- **TRY IT**
Reproduce the listing exactly, keeping every word as it is.
***** GIVEN DATA
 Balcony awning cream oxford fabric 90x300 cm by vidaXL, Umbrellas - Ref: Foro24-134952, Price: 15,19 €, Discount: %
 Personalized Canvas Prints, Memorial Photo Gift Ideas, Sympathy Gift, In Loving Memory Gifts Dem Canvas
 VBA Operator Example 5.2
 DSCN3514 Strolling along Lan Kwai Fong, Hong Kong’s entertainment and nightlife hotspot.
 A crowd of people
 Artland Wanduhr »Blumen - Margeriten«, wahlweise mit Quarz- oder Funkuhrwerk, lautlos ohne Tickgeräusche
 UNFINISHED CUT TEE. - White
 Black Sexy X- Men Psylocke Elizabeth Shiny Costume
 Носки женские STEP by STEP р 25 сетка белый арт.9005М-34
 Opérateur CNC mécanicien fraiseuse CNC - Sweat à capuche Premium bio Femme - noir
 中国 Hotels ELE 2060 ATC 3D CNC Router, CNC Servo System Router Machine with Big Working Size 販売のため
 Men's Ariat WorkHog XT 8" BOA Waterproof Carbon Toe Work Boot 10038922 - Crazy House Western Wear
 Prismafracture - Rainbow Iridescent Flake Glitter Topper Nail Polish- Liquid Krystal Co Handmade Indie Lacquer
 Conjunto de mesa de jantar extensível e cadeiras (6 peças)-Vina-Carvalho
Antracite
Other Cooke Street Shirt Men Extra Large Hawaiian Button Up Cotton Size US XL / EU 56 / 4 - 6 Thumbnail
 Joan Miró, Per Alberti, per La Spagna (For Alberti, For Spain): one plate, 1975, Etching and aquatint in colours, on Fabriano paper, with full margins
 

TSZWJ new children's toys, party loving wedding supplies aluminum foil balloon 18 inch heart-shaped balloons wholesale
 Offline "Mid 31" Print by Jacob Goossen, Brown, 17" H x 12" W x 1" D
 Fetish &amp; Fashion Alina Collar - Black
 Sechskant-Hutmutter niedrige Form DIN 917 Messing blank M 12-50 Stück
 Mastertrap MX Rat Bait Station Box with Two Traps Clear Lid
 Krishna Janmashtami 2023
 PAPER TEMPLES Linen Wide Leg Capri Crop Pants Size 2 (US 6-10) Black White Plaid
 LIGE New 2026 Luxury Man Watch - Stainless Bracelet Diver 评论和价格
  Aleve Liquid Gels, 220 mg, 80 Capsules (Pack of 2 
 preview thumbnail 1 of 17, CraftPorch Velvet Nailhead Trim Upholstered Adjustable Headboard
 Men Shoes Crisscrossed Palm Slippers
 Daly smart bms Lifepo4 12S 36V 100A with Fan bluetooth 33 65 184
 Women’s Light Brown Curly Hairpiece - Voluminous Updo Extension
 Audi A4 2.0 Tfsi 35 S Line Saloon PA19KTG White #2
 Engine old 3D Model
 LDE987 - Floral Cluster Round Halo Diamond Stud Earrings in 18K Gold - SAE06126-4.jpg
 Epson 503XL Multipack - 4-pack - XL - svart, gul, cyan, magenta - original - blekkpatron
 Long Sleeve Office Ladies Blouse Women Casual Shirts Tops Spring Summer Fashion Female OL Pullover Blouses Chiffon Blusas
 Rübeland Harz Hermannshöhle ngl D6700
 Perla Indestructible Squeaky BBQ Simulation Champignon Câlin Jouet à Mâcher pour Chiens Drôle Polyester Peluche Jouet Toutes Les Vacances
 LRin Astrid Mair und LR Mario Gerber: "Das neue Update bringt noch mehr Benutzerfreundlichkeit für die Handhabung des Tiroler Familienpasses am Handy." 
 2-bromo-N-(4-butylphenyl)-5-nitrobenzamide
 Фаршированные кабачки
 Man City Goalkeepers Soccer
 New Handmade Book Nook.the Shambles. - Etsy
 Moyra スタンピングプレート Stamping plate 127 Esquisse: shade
**********
- **SOLUTION TO THIS TASK**
 Balcony awning cream oxford fabric 90x300 cm by vidaXL, Umbrellas - Ref: Foro24-134952, Price: 15,19 €, Discount: %
 Personalized Canvas Prints, Memorial Photo Gift Ideas, Sympathy Gift, In Loving Memory Gifts Dem Canvas
 VBA Operator Example 5.2
 DSCN3514 Strolling along Lan Kwai Fong, Hong Kong’s entertainment and nightlife hotspot.
 A crowd of people
 Artland Wanduhr »Blumen - Margeriten«, wahlweise mit Quarz- oder Funkuhrwerk, lautlos ohne Tickgeräusche
 UNFINISHED CUT TEE. - White
 Black Sexy X- Men Psylocke Elizabeth Shiny Costume
 Носки женские STEP by STEP р 25 сетка белый арт.9005М-34
 Opérateur CNC mécanicien fraiseuse CNC - Sweat à capuche Premium bio Femme - noir
 中国 Hotels ELE 2060 ATC 3D CNC Router, CNC Servo System Router Machine with Big Working Size 販売のため
 Men's Ariat WorkHog XT 8" BOA Waterproof Carbon Toe Work Boot 10038922 - Crazy House Western Wear
 Prismafracture - Rainbow Iridescent Flake Glitter Topper Nail Polish- Liquid Krystal Co Handmade Indie Lacquer
 Conjunto de mesa de jantar extensível e cadeiras (6 peças)-Vina-Carvalho
Antracite
Other Cooke Street Shirt Men Extra Large Hawaiian Button Up Cotton Size US XL / EU 56 / 4 - 6 Thumbnail
 Joan Miró, Per Alberti, per La Spagna (For Alberti, For Spain): one plate, 1975, Etching and aquatint in colours, on Fabriano paper, with full margins
 

TSZWJ new children's toys, party loving wedding supplies aluminum foil balloon 18 inch heart-shaped balloons wholesale
 Offline "Mid 31" Print by Jacob Goossen, Brown, 17" H x 12" W x 1" D
 Fetish &amp; Fashion Alina Collar - Black
 Sechskant-Hutmutter niedrige Form DIN 917 Messing blank M 12-50 Stück
 Mastertrap MX Rat Bait Station Box with Two Traps Clear Lid
 Krishna Janmashtami 2023
 PAPER TEMPLES Linen Wide Leg Capri Crop Pants Size 2 (US 6-10) Black White Plaid
 LIGE New 2026 Luxury Man Watch - Stainless Bracelet Diver 评论和价格
  Aleve Liquid Gels, 220 mg, 80 Capsules (Pack of 2 
 preview thumbnail 1 of 17, CraftPorch Velvet Nailhead Trim Upholstered Adjustable Headboard
 Men Shoes Crisscrossed Palm Slippers
 Daly smart bms Lifepo4 12S 36V 100A with Fan bluetooth 33 65 184
 Women’s Light Brown Curly Hairpiece - Voluminous Updo Extension
 Audi A4 2.0 Tfsi 35 S Line Saloon PA19KTG White #2
 Engine old 3D Model
 LDE987 - Floral Cluster Round Halo Diamond Stud Earrings in 18K Gold - SAE06126-4.jpg
 Epson 503XL Multipack - 4-pack - XL - svart, gul, cyan, magenta - original - blekkpatron
 Long Sleeve Office Ladies Blouse Women Casual Shirts Tops Spring Summer Fashion Female OL Pullover Blouses Chiffon Blusas
 Rübeland Harz Hermannshöhle ngl D6700
 Perla Indestructible Squeaky BBQ Simulation Champignon Câlin Jouet à Mâcher pour Chiens Drôle Polyester Peluche Jouet Toutes Les Vacances
 LRin Astrid Mair und LR Mario Gerber: "Das neue Update bringt noch mehr Benutzerfreundlichkeit für die Handhabung des Tiroler Familienpasses am Handy." 
 2-bromo-N-(4-butylphenyl)-5-nitrobenzamide
 Фаршированные кабачки
 Man City Goalkeepers Soccer
 New Handmade Book Nook.the Shambles. - Etsy
 Moyra スタンピングプレート Stamping plate 127 Esquisse: shade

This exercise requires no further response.